OpenAI says ChatGPT-4 is capable of passing exams better than previous version

OpenAI has released a new version of its popular chatbot, ChatGPT-4, with improved exam passing capabilities.

ChatGPT-4, according to the company, passed a simulated bar exam with a score in the top 10% of test takers, as opposed to GPT-3.5’s score, which was in the bottom 10%.

OpenAI described the AI tool as the latest milestone in its efforts to scale up deep learning. GPT-4 is a large multimodal model that accepts image and text inputs and emits text outputs. While AI is less capable than humans in many real-world scenarios, it outperforms humans on a variety of professional and academic benchmarks.

OpenAi stated that it spent 6 months iteratively aligning GPT-4 with lessons from its adversarial testing programme as well as ChatGPT, yielding “best-ever results” on factuality, steerability, and refusal to go outside of guardrails.

GPT-4 vs GPT-3.5, what changed

Like previous GPT models, GPT-4 was trained using publicly available data, including from public webpages, as well as data that OpenAI licensed. OpenAI worked with Microsoft to develop a “supercomputer” from the ground up in the Azure cloud, which was used to train GPT-4. Highlighting the difference between version 4 and version 3.5 of GPT:

OpenAI said:

In a casual conversation, the distinction between GPT-3.5 and GPT-4 can be subtle. The difference comes out when the complexity of the task reaches a sufficient threshold — GPT-4 is more reliable, creative and able to handle much more nuanced instructions than GPT-3.5.

The GPT-4 distinguishes itself by being able to understand both images and text. GPT-4 is capable of captioning and even interpreting relatively complex images.
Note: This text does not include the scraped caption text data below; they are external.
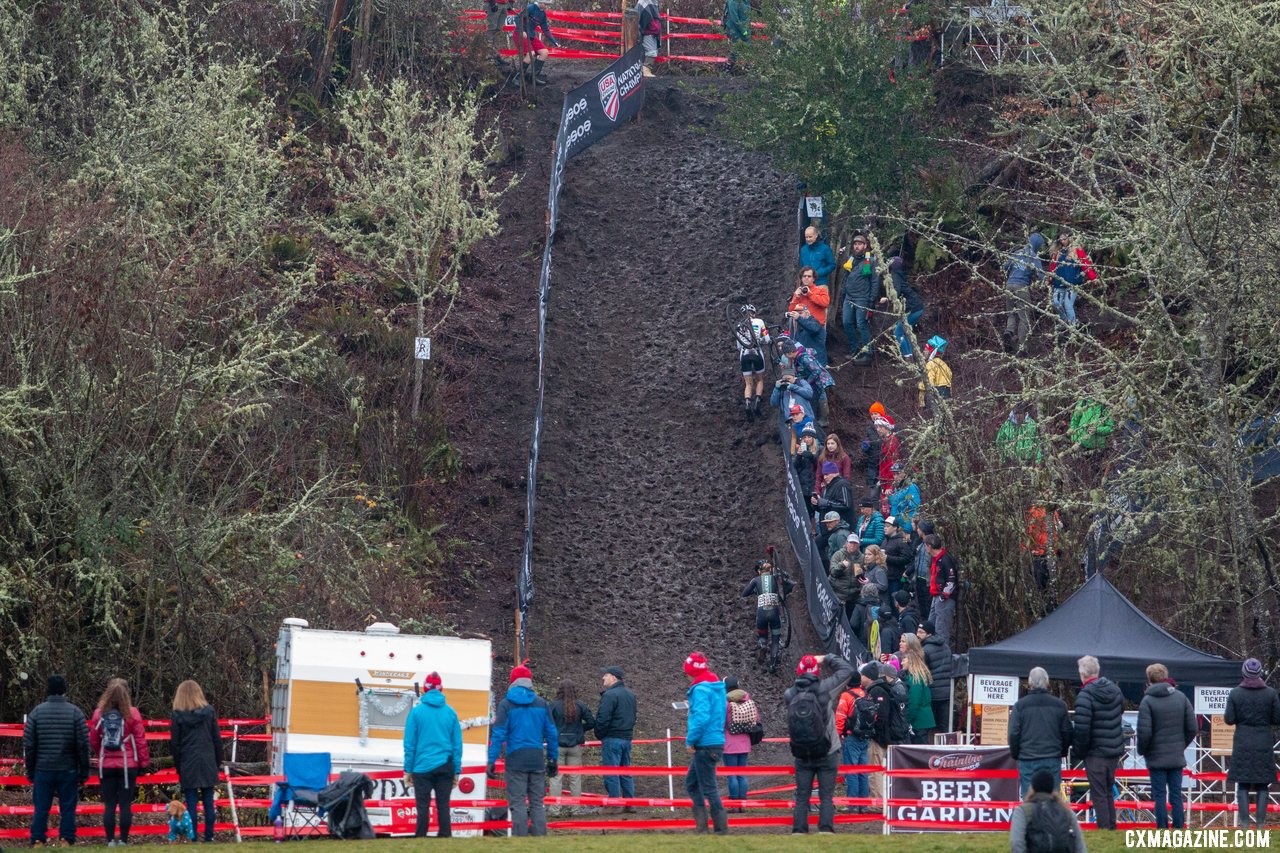 Madigan Munro leads Lizzy Gunsalus in the first lap. Junior 17-18 Women. 2019 Cyclocross National Championships, Lakewood, WA. © A. Yee / Cyclocross Magazine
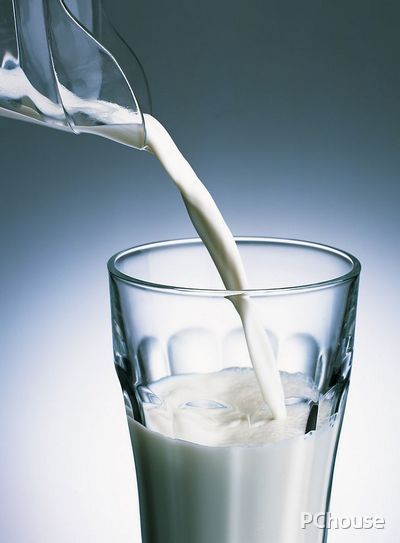 牛奶洗脸的好处 牛奶洗脸的好处与坏处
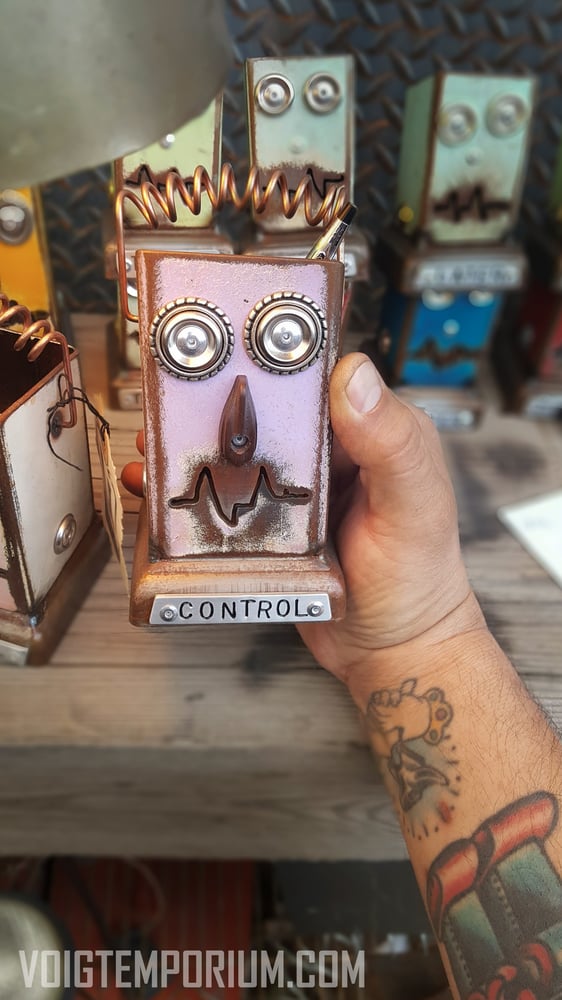 Image of Large Robot Desk organizer: Control Purple Pencil Pusher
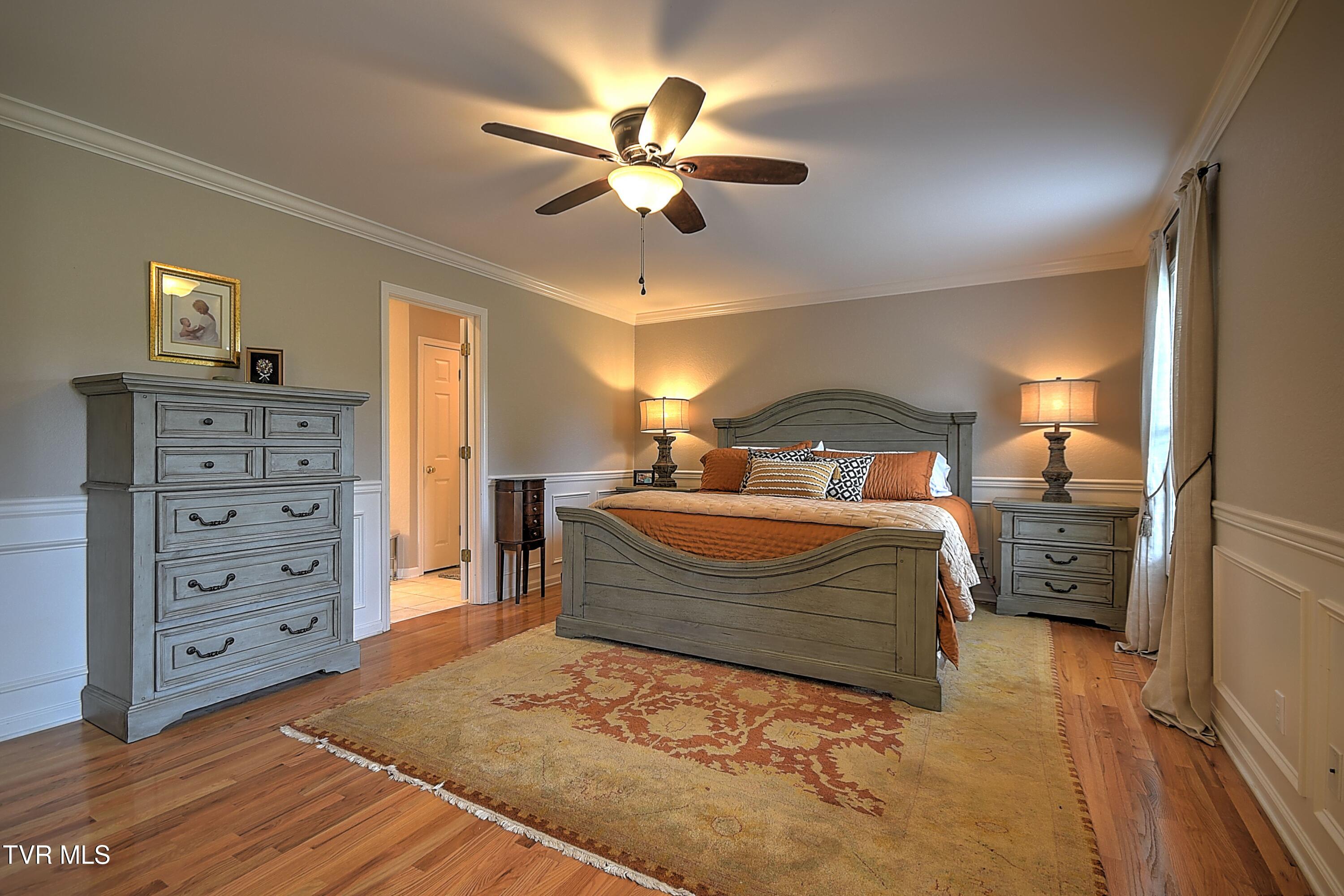 307 Hunters Crossing Lane, Kingsport, Tennessee image 5
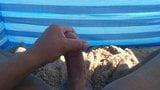 Großer Schwanz, Handjob am Strand snapshot 3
GPT-4 can generate text as well as accept image and text inputs, which is an improvement over GPT-3.5, which only accepted text, and performs at a “human level” on a variety of professional and academic benchmarks.

For example, if a user sends a picture of the inside of their refrigerator, the Virtual Volunteer will not only be able to correctly identify what’s in it but also extrapolate and analyze what can be prepared with those ingredients. The tool can also then offer a number of recipes for those ingredients and send a step-by-step guide on how to make them, OpenAI said in a blog post explaining the image understanding capability of the tool.

Despite its capabilities, reminded users that the OpenAI GPT-4, like other models, lacks knowledge of events that have occurred after the vast majority of its data cut off (September 2021), and does not learn from its experience.